Смертельная пыль. Рок на двоих. Я сам похороню своих мертвых (Чейз, Маклин) - страница 28

— Значит, мы ничем не сможем ему помочь?

— Мы — не сможем… О, будь я проклят!

— И будь он тоже трижды проклят, этот Харлоу!

— Уже слишком поздно, моя Мэри, — сказал Джонни. — Я больше не могу водить гоночные машины. Дошел до точки. Спроси кого угодно.

— Я не об этом. Я о том, что ты пьешь…

— Я? Пью? — Харлоу, как всегда, был невозмутим. — Кто это говорит?

— Все.

— Значит, все лгут!

Со щеки Мэри на ее ручные часы капнула слеза, но Джонни, даже если и заметил это, не сказал ни слова. Помолчав, Мэри успокоилась и вздохнула:

— Я сдаюсь… Глупо было бы пытаться что–то сделать… Ты идешь вечером на прием к мэру?

— Нет.

— А я — то надеялась, мы пойдем вместе. Может быть, окажешь мне такую милость?

— Чтобы выставить тебя мученицей перед всеми? Нет!

— Но почему ты не ходишь на такие приемы? Ведь туда ходит каждый третий гонщик.
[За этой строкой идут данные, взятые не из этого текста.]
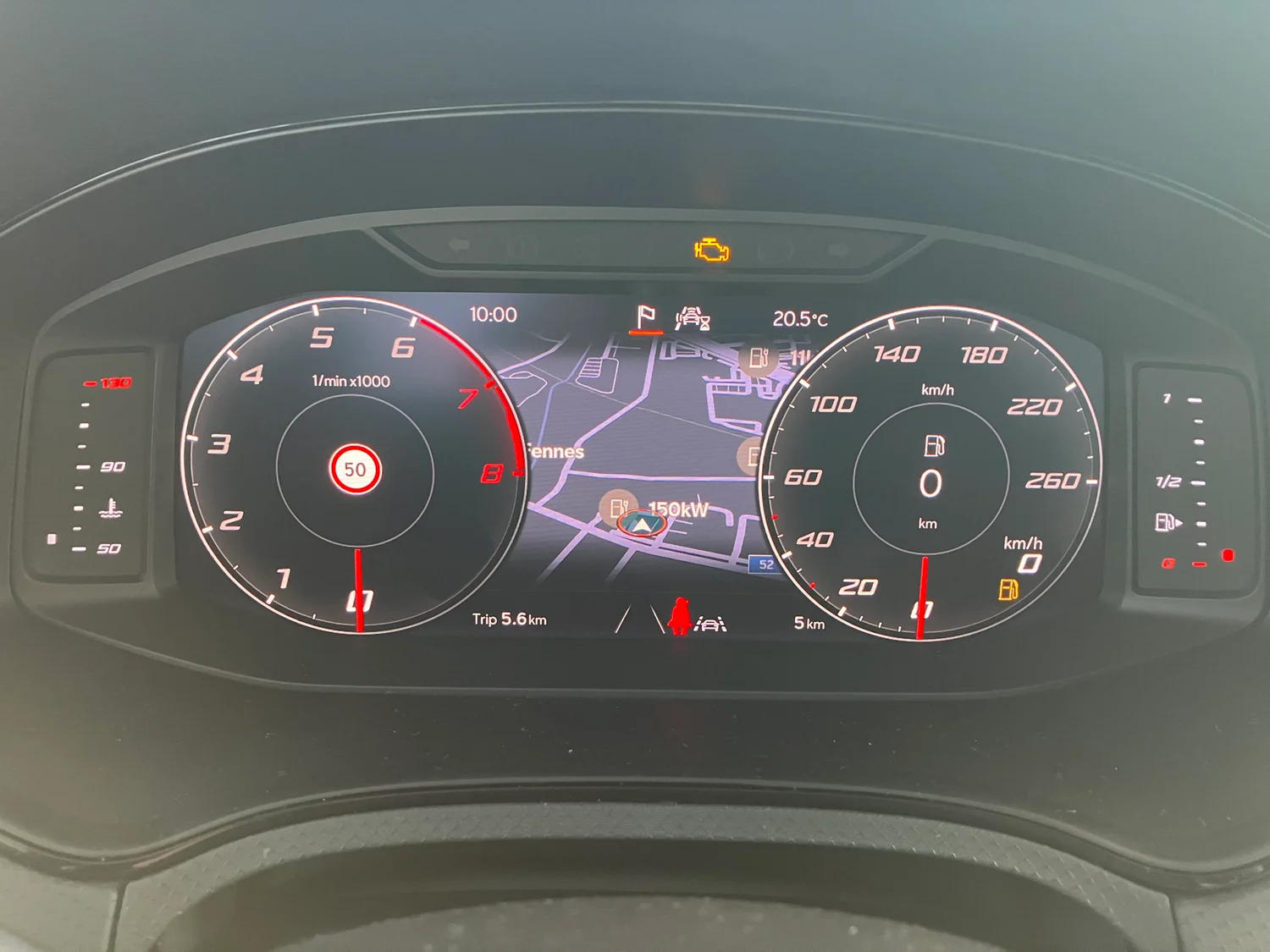Bild eines Ibiza FR Edition 1.0 TSI 95PS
— Я не каждый третий гонщик. Я — Джонни Харлоу. Я — пария, отверженный. У меня тонкая и чувствительная натура, и я не люблю, когда люди не обращают на меня внимания и не разговаривают со мной.

Мэри коснулась его руки.

— Я буду разговаривать с тобой, Джонни. Ты же знаешь, я всегда буду с тобой разговаривать! Всегда!
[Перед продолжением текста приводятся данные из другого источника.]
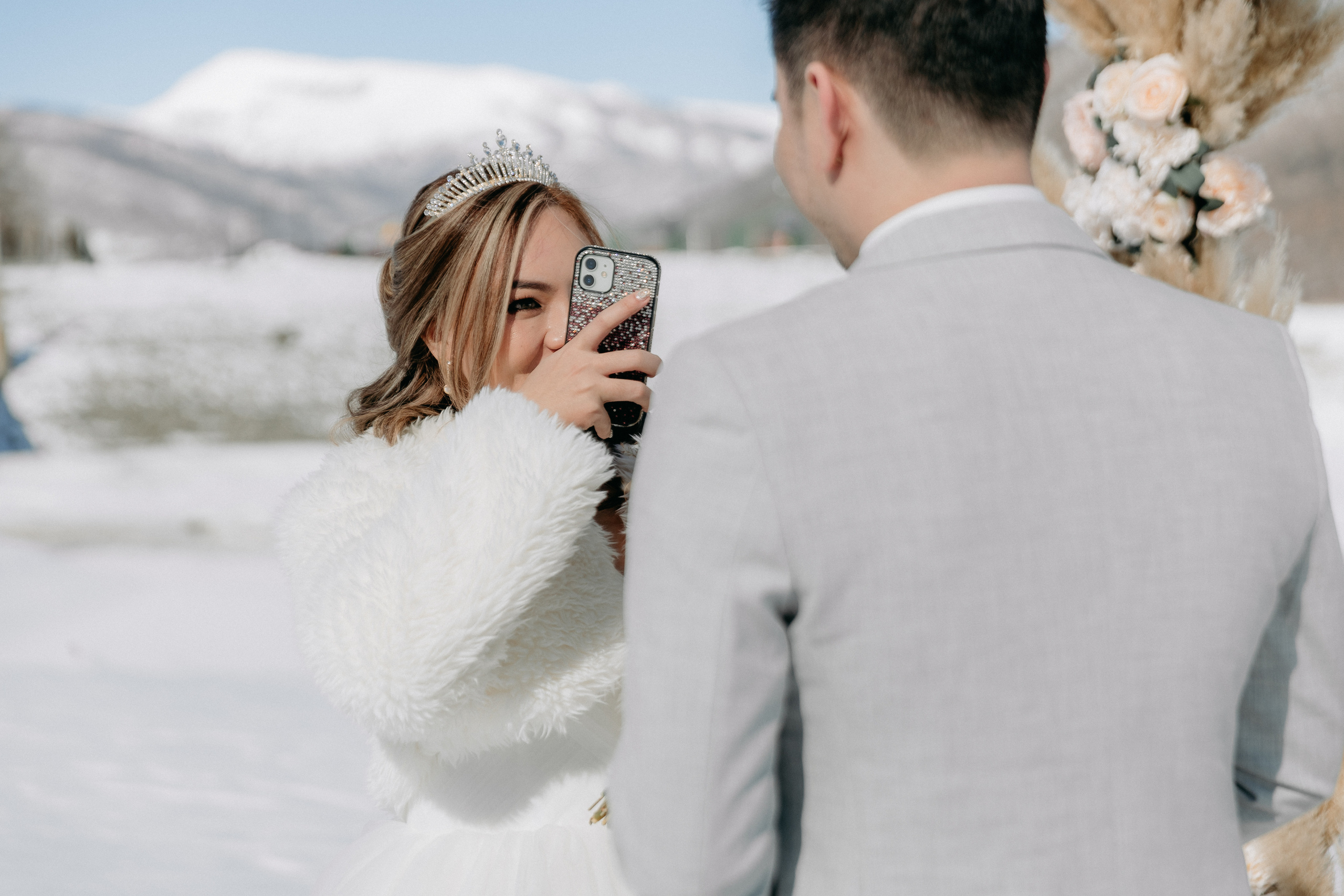 Alpha & Ryan. Photographer Anna Nazarenko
— Знаю. — В тоне Харлоу не было ни горечи, ни иронии. — Я искалечил тебя на всю жизнь, и ты всегда будешь разговаривать со мной. Лучше держись от меня подальше, моя юная Мэри. Ведь я все равно что яд.

— Некоторые яды мне очень нравятся.

Харлоу сжал ее руку и поднялся.

— Пойдем. Тебе надо успеть переодеться к вечернему приему. Провожу тебя до гостиницы.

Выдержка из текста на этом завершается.